Falling in Love Again with Butchers
Meat-isans: As a culture, we've portrayed butchers as scary, we've thought of them as sexy. Today at Civil Eats, Kathryn Quanbeck makes an argument for butchers as necessary, even as they're seriously endangered. Quanbeck suggests that whole-animal butchery is essential for a rational ― as opposed to a ravaging industrial ― food system. Quanbeck:
Gone are the days when supermarkets and butcher shops actually had skilled butchers on staff to help costumers with their questions and to suggest new cuts or preparation methods. Consolidation and vertical integration in the meatpacking industry led to the rise of "boxed beef," retail cuts sealed in plastic and packed in cardboard boxes. Instead of shipping carcasses from packing plants to retailers, plants began offering display case ready cuts. This development allowed retailers to cut costs on labor and time, and purchase more of the cuts their customers liked without having to market the entire animal.As remedy, she presents Chris Arentz and David Budworth of Avedano's Meats in Bernal (after the jump):
As a trained butcher, Arentz spoke about the satisfaction he feels by selling the whole animal, rather than just marketing the most popular cuts. "It takes a lot of work to raise an animal from birth to death," Arentz said. "Being a butcher, the ultimate respect I can pay to the animal is not to waste any part. That would be a waste of not only the animal, but also the farmer's work, time and energy that went into raising it."Once, on a cross-continent drive, my boyfriend and I made a late-night motel stop in some bleak Nebraska town ― site, we were to find out, of a sprawling IBP beef-processing plant.

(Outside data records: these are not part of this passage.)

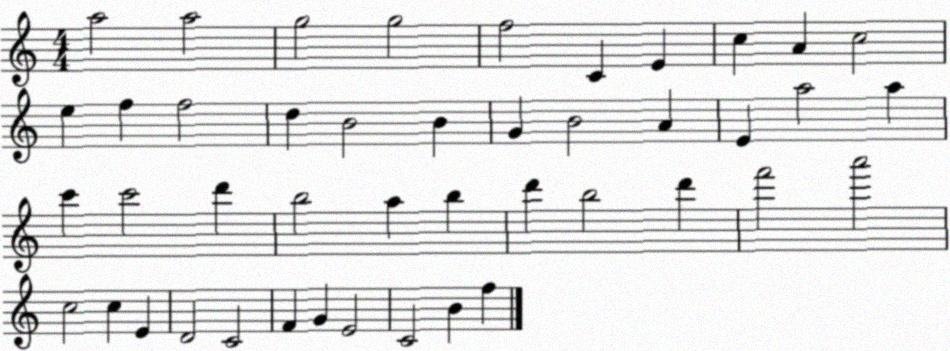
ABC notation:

X:1
T:Untitled
M:4/4
L:1/4
K:C
a2 a2 g2 g2 f2 C E c A c2 e f f2 d B2 B G B2 A E a2 a c' c'2 d' b2 a b d' b2 d' f'2 a'2 c2 c E D2 C2 F G E2 C2 B f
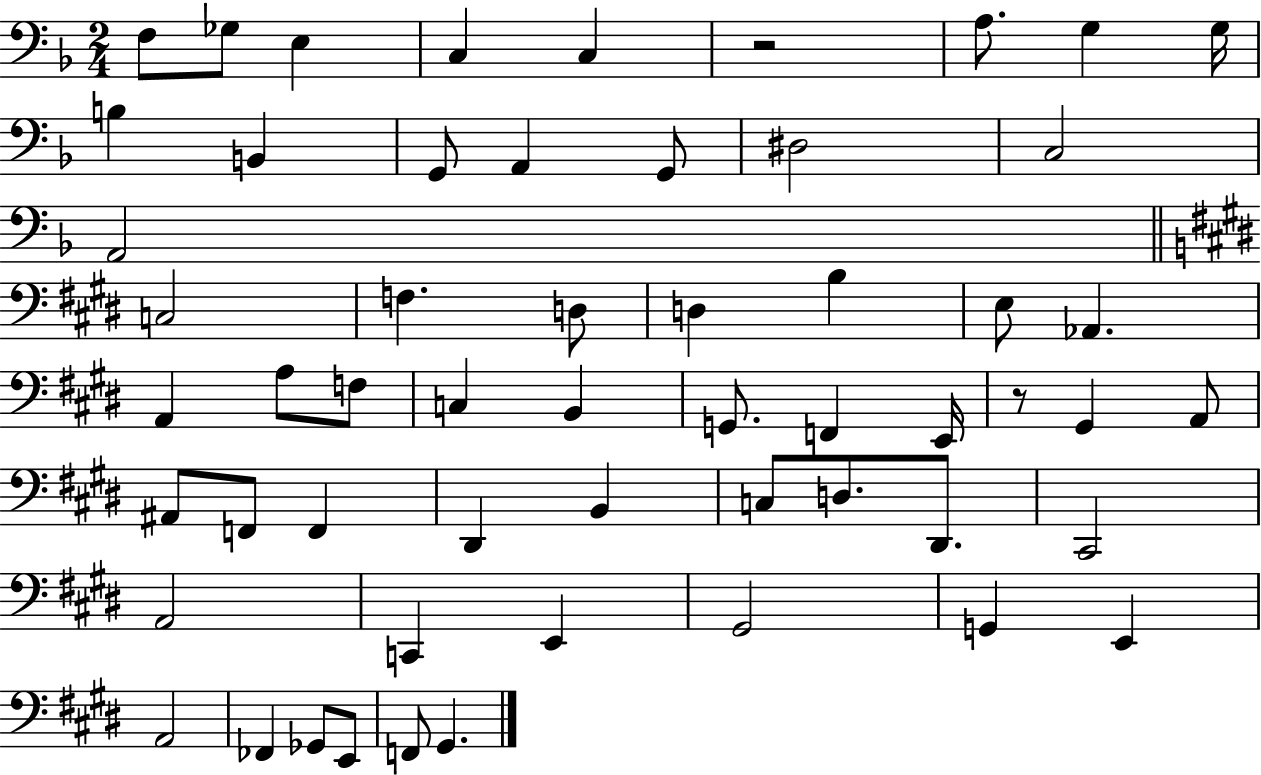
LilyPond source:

{
  \clef bass
  \numericTimeSignature
  \time 2/4
  \key f \major
  f8 ges8 e4 | c4 c4 | r2 | a8. g4 g16 | \break b4 b,4 | g,8 a,4 g,8 | dis2 | c2 | \break a,2 | \bar "||" \break \key e \major c2 | f4. d8 | d4 b4 | e8 aes,4. | \break a,4 a8 f8 | c4 b,4 | g,8. f,4 e,16 | r8 gis,4 a,8 | \break ais,8 f,8 f,4 | dis,4 b,4 | c8 d8. dis,8. | cis,2 | \break a,2 | c,4 e,4 | gis,2 | g,4 e,4 | \break a,2 | fes,4 ges,8 e,8 | f,8 gis,4. | \bar "|."
}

As we picked our way along a town road to get to the glaring motel sign up ahead, we realized we were in the middle of a shift change: workers ― Central American guys, by the looks of things ― in hairnets and smocks, trudging back to their housing. they were factory workers, not butchers, men who could've been assembling TVs or toaster ovens, except that none of those things are made in the U.S. Next day, when we could see the dust and the bleakness of that town, the huge factory buildings low against the hills, the burgers looking up at us from their plates in the coffee shop seemed downright poisoned.